Comments on social media and phone calls I take each night tell me I’m doing exactly what I was created to do. Every so often I send out a note to my staff labeled “Why We Do What We Do,” and attach a letter or e-mail from a listener who has been impacted by the show, so that they too know what we do is of value.
Here’s another example. Since losing my son Zack to suicide and talking about the negative impact that anti-depressant drugs had on him, dozens of young people have reached out. They say hearing Zack’s story helped them to seek help for depression and anxiety outside of dangerous prescription medication.
Radio Ink: Do you believe radio today still has that connection with the listener?
Delilah: Yes. Yes, yes, and yes!
Radio Ink: What advice do you have for young women interested in getting into broadcasting on the air in 2021?

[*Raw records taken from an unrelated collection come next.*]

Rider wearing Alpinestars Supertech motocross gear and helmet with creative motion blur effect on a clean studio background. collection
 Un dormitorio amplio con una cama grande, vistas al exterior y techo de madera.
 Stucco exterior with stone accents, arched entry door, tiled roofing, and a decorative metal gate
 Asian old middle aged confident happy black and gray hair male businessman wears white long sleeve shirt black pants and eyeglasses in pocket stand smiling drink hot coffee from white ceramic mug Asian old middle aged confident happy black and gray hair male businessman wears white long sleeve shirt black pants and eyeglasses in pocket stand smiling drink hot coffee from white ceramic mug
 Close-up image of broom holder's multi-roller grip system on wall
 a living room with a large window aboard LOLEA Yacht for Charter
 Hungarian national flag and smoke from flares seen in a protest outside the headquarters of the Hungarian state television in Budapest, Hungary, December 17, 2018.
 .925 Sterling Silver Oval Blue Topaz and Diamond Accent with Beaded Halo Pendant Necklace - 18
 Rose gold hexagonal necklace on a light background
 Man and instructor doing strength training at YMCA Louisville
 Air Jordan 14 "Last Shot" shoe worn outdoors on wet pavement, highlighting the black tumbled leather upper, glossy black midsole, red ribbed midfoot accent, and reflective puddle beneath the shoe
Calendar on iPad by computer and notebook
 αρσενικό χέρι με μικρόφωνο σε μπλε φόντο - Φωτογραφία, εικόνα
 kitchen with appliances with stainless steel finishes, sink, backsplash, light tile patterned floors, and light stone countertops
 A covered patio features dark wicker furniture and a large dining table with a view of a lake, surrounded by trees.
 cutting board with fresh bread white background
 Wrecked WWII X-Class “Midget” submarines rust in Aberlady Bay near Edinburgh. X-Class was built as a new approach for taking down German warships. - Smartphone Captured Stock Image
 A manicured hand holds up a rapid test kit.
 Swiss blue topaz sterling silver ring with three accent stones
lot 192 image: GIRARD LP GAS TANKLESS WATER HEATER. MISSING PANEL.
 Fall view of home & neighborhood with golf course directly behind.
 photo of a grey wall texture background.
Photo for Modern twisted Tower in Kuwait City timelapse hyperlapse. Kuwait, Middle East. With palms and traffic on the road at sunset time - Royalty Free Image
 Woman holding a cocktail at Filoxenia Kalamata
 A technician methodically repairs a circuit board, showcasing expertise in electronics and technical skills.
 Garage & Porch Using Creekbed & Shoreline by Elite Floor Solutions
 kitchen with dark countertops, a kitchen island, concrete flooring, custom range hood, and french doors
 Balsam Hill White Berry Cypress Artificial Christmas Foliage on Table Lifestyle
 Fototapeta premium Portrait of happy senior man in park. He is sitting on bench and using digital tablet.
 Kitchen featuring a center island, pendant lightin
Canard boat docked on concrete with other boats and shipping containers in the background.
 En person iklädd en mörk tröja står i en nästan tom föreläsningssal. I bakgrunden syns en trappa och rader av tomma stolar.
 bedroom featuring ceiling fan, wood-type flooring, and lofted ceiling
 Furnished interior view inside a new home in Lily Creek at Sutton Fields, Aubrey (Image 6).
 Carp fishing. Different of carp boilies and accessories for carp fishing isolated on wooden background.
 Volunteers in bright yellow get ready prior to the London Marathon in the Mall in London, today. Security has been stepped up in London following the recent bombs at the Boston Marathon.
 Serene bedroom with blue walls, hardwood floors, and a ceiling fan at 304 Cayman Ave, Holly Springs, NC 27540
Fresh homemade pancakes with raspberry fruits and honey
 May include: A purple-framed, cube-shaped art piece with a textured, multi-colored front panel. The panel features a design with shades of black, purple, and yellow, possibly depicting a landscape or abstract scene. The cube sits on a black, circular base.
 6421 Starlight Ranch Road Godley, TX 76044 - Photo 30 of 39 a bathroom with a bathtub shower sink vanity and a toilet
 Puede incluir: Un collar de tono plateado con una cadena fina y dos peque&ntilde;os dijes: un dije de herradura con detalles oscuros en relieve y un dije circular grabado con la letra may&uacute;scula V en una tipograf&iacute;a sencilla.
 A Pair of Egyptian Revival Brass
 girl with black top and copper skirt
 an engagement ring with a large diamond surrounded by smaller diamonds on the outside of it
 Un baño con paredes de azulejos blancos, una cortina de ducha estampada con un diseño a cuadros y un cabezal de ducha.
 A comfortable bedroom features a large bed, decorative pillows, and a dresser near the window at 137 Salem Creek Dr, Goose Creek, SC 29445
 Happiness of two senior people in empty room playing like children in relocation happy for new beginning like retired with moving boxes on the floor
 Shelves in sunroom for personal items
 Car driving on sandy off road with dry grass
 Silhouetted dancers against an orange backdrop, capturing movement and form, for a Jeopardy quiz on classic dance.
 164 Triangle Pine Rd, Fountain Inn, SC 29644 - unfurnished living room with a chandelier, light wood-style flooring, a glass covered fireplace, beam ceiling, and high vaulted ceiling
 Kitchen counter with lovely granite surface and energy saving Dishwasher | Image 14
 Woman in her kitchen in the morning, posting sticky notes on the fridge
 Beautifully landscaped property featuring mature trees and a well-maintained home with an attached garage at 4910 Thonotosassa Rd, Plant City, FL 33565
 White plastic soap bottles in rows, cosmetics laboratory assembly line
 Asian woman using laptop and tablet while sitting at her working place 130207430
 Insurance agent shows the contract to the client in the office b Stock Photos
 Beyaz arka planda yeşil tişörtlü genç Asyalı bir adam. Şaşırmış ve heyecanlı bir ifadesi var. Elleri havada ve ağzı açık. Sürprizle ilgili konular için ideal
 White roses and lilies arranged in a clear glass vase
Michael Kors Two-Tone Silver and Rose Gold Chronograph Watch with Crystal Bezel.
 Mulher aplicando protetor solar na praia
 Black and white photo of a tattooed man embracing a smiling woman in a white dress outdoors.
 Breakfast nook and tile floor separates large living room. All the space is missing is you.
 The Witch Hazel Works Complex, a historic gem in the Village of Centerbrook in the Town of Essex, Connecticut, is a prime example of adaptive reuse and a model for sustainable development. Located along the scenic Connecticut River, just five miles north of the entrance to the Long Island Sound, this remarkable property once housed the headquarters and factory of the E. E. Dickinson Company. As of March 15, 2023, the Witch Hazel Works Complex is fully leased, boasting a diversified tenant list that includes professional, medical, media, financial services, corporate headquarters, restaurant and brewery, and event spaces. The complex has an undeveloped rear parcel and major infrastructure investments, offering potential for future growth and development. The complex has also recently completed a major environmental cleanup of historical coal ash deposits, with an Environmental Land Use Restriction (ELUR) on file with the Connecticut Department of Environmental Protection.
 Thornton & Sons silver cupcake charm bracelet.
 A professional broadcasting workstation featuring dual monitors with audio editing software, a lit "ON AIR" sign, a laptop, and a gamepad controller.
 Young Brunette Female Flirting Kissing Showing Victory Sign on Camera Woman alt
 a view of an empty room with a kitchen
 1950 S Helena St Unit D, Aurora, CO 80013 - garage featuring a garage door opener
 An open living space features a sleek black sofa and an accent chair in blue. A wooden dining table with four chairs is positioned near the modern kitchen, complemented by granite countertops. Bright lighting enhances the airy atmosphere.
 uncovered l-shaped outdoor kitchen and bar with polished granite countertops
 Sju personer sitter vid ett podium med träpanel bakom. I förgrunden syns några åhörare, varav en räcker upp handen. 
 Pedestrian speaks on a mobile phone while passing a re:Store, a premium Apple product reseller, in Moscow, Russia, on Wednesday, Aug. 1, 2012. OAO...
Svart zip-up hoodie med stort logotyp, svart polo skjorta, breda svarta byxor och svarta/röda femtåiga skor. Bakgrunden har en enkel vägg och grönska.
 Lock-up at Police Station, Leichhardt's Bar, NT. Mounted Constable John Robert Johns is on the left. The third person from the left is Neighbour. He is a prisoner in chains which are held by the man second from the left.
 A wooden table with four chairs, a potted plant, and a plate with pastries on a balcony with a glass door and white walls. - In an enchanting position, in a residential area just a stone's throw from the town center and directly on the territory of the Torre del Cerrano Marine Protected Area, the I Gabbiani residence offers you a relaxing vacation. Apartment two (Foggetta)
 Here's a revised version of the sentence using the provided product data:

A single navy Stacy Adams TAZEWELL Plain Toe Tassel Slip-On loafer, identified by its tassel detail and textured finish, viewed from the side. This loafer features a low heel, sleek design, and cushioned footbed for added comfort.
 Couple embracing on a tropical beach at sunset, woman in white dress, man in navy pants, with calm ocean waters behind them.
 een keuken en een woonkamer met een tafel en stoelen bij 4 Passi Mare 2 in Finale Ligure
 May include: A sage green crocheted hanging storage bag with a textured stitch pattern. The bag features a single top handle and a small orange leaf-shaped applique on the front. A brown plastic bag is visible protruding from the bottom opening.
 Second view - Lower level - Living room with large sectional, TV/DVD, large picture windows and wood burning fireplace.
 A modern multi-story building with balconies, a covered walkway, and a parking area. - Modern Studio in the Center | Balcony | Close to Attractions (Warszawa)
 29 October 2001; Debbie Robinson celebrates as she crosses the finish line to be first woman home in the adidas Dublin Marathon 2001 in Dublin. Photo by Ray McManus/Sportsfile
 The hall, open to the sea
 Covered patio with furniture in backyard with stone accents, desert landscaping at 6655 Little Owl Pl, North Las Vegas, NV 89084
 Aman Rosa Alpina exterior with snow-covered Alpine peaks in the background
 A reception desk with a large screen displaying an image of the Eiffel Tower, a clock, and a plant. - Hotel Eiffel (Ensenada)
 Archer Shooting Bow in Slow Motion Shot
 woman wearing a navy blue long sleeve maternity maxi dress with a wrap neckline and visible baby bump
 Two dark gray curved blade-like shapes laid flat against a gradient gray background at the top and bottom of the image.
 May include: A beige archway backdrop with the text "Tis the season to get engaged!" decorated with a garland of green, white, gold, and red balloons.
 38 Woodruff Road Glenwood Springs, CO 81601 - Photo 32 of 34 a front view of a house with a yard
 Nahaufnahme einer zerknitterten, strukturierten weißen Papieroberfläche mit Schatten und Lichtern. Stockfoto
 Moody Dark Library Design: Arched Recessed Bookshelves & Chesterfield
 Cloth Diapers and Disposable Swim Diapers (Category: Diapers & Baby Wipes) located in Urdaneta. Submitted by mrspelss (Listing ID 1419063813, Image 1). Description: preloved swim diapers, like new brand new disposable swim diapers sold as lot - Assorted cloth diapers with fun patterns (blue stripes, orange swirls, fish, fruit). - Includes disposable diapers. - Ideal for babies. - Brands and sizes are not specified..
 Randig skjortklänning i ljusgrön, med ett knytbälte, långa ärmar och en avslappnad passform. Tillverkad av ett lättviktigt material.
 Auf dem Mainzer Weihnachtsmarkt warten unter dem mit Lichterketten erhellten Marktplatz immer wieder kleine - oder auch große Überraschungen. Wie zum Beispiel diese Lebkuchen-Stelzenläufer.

Delilah: That’s a good question. My opinion is that if the industry leaders don’t stop insisting that we play just to the meters, our platform could disappear. That said, people are always going to want great content on whatever platform is popular. So develop your listening skills. Learn good diction and communication skills. Take acting classes, speech classes, and any time you have a chance to be on a microphone, take it!
Radio Ink: How long do you plan to continue being on the air?
Delilah: I love being on the radio. It’s not so much what I do as who I am. I have no plans to retire. I’ll just keep doing what I do until the Lord tells me it’s time for something else. My youngest child is 5 — so gotta get him through high school yet!